Please return the data word for word and leave out any picture it contains.
(Input for this task)
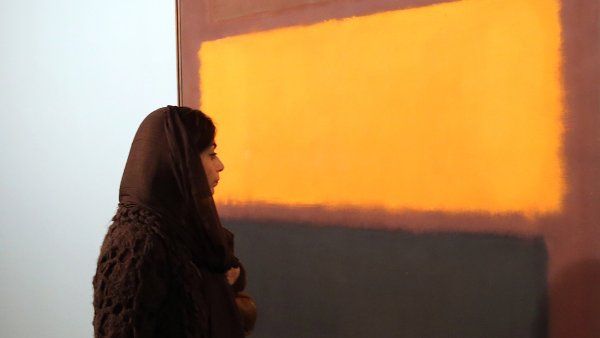 Na sn&iacute;mku z teher&aacute;nsk&eacute;ho muzea je &Iacute;r&aacute;nka, kter&aacute; si prohl&iacute;�&iacute; obraz Marka Rothka.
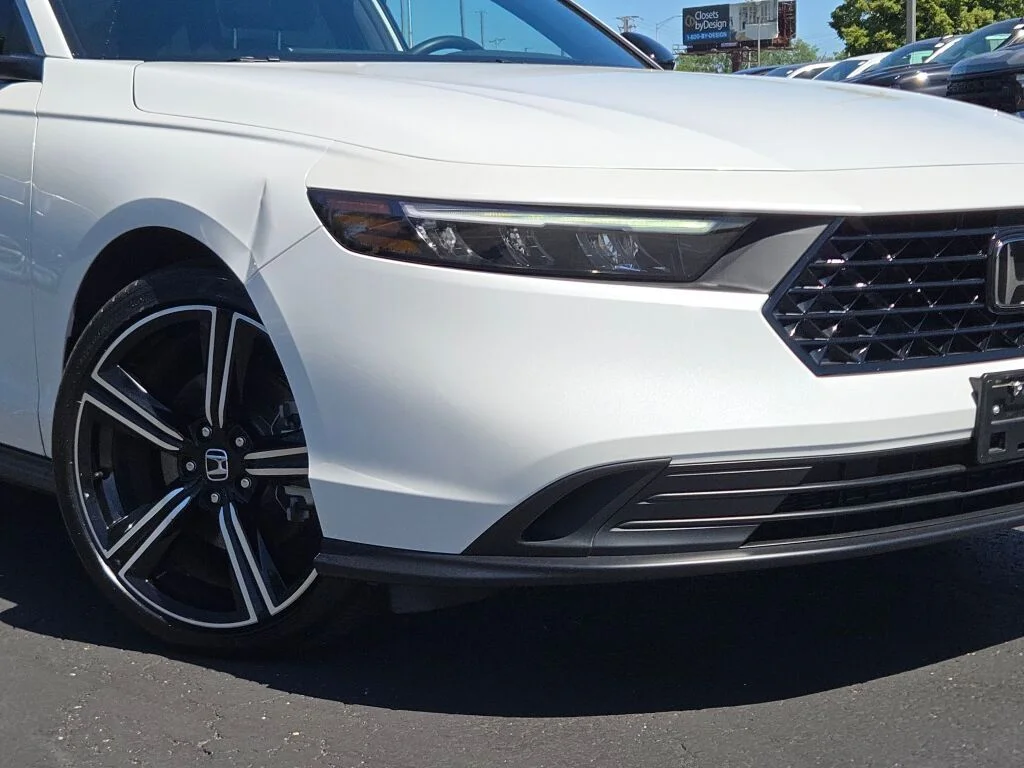 Used 2025 White Honda Sport image 3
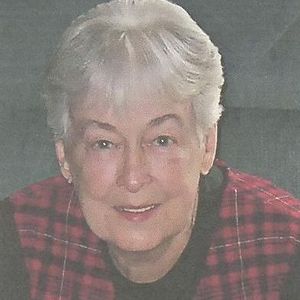 Gloria  M Henderson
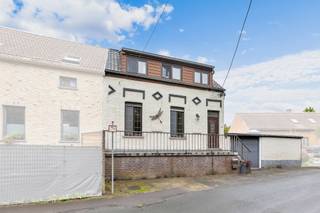 <p>In een rustige straat te Idegem bevindt zich deze instapklare woning op een mooi perceel van 9 are. Het treinstation ligt op slechts 1 km en ook winkels, scholen en andere voorzieningen bevinden zich in de nabije omgeving. Recht tegenover de woning bevindt zich natuurgebied, waardoor u hier geniet van een groen uitzicht en een bijzonder rustige woonomgeving.</p><p>De woning werd doorheen de jaren goed onderhouden en kan onmiddellijk bewoond worden. Mits verdere modernisering biedt het pand bovendien nog heel wat potentieel.</p><p>Het gelijkvloers omvat een gezellige leefruimte met salon en eetplaats, een open keuken, een veranda die perfect dienst kan doen als polyvalente ruimte en een mooi uitzicht biedt op het terras en de tuin, een ruime berging, een eerste badkamer en een grote garage die tevens extra opslagmogelijkheden biedt. Daarnaast is er een praktische overloop met wasplaats.</p><p>Op de verdieping bevinden zich drie volwaardige slaapkamers en een tweede badkamer.</p><p>Verder beschikt de woning over een kelder, een ruim terras en een aangename tuin waar het heerlijk vertoeven is.</p><p>Cv op pelletbrander - EPC C - Buitenschrijnwerk in PVC met dubbele beglazing - dak met pannen.</p>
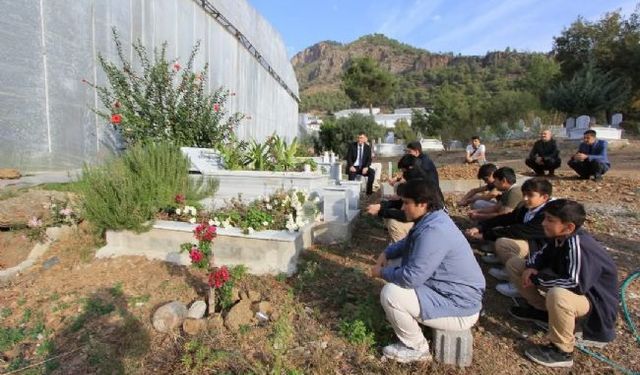 Bozyazı’da Vefat Eden Öğretmen Kabri Başında Anıldı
(End Input for this task)
Answer box:
 Na sn&iacute;mku z teher&aacute;nsk&eacute;ho muzea je &Iacute;r&aacute;nka, kter&aacute; si prohl&iacute;�&iacute; obraz Marka Rothka.
 Used 2025 White Honda Sport image 3
 Gloria  M Henderson
 <p>In een rustige straat te Idegem bevindt zich deze instapklare woning op een mooi perceel van 9 are. Het treinstation ligt op slechts 1 km en ook winkels, scholen en andere voorzieningen bevinden zich in de nabije omgeving. Recht tegenover de woning bevindt zich natuurgebied, waardoor u hier geniet van een groen uitzicht en een bijzonder rustige woonomgeving.</p><p>De woning werd doorheen de jaren goed onderhouden en kan onmiddellijk bewoond worden. Mits verdere modernisering biedt het pand bovendien nog heel wat potentieel.</p><p>Het gelijkvloers omvat een gezellige leefruimte met salon en eetplaats, een open keuken, een veranda die perfect dienst kan doen als polyvalente ruimte en een mooi uitzicht biedt op het terras en de tuin, een ruime berging, een eerste badkamer en een grote garage die tevens extra opslagmogelijkheden biedt. Daarnaast is er een praktische overloop met wasplaats.</p><p>Op de verdieping bevinden zich drie volwaardige slaapkamers en een tweede badkamer.</p><p>Verder beschikt de woning over een kelder, een ruim terras en een aangename tuin waar het heerlijk vertoeven is.</p><p>Cv op pelletbrander - EPC C - Buitenschrijnwerk in PVC met dubbele beglazing - dak met pannen.</p>
 Bozyazı’da Vefat Eden Öğretmen Kabri Başında Anıldı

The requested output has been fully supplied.